[[ SUPPLIED ENTRIES open ]]
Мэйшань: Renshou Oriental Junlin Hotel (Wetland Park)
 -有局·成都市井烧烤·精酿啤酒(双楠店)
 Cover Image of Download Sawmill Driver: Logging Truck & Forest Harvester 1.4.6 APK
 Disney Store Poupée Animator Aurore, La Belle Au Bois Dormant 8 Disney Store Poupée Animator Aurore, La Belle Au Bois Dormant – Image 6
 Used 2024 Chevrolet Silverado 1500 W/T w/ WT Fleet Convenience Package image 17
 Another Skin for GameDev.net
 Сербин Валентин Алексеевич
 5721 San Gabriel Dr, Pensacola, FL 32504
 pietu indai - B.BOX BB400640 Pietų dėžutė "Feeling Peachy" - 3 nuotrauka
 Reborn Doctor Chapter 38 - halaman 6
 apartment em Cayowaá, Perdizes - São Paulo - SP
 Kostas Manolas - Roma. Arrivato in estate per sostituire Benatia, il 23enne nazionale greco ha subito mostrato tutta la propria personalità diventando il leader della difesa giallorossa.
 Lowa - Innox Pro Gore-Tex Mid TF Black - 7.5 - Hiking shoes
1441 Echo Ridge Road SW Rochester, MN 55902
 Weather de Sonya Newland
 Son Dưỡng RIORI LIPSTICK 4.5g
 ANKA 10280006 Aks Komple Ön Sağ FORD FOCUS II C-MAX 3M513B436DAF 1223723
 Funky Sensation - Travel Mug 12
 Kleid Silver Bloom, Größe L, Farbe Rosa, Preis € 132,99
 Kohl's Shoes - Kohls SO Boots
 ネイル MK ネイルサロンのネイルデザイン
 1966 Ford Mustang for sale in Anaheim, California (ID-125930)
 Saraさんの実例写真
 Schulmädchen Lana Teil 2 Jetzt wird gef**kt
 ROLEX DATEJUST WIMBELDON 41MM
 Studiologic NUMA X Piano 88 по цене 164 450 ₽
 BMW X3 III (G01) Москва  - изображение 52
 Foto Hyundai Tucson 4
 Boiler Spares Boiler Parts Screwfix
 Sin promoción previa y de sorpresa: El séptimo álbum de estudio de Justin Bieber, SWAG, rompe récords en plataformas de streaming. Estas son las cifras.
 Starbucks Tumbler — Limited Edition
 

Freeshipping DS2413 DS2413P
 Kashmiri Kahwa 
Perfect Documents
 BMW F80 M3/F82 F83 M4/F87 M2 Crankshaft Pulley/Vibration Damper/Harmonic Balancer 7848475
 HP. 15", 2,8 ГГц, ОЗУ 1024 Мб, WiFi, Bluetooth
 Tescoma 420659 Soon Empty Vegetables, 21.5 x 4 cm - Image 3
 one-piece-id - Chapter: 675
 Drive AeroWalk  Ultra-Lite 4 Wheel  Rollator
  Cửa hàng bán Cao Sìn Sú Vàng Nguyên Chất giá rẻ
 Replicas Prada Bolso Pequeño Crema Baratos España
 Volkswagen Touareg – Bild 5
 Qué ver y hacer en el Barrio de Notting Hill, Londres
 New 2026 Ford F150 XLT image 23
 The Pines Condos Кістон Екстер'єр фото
[[ SUPPLIED ENTRIES closed ]]
▶ **WORK TO COMPLETE**
Go to the line with "Reborn Doctor Chapter 38 - halaman 6" in the entries above and repeat every line from there through the line with "Perfect Documents", exactly and with no other text.

▶ **RESULT OF THIS EXERCISE**
 Reborn Doctor Chapter 38 - halaman 6
 apartment em Cayowaá, Perdizes - São Paulo - SP
 Kostas Manolas - Roma. Arrivato in estate per sostituire Benatia, il 23enne nazionale greco ha subito mostrato tutta la propria personalità diventando il leader della difesa giallorossa.
 Lowa - Innox Pro Gore-Tex Mid TF Black - 7.5 - Hiking shoes
1441 Echo Ridge Road SW Rochester, MN 55902
 Weather de Sonya Newland
 Son Dưỡng RIORI LIPSTICK 4.5g
 ANKA 10280006 Aks Komple Ön Sağ FORD FOCUS II C-MAX 3M513B436DAF 1223723
 Funky Sensation - Travel Mug 12
 Kleid Silver Bloom, Größe L, Farbe Rosa, Preis € 132,99
 Kohl's Shoes - Kohls SO Boots
 ネイル MK ネイルサロンのネイルデザイン
 1966 Ford Mustang for sale in Anaheim, California (ID-125930)
 Saraさんの実例写真
 Schulmädchen Lana Teil 2 Jetzt wird gef**kt
 ROLEX DATEJUST WIMBELDON 41MM
 Studiologic NUMA X Piano 88 по цене 164 450 ₽
 BMW X3 III (G01) Москва  - изображение 52
 Foto Hyundai Tucson 4
 Boiler Spares Boiler Parts Screwfix
 Sin promoción previa y de sorpresa: El séptimo álbum de estudio de Justin Bieber, SWAG, rompe récords en plataformas de streaming. Estas son las cifras.
 Starbucks Tumbler — Limited Edition
 

Freeshipping DS2413 DS2413P
 Kashmiri Kahwa 
Perfect Documents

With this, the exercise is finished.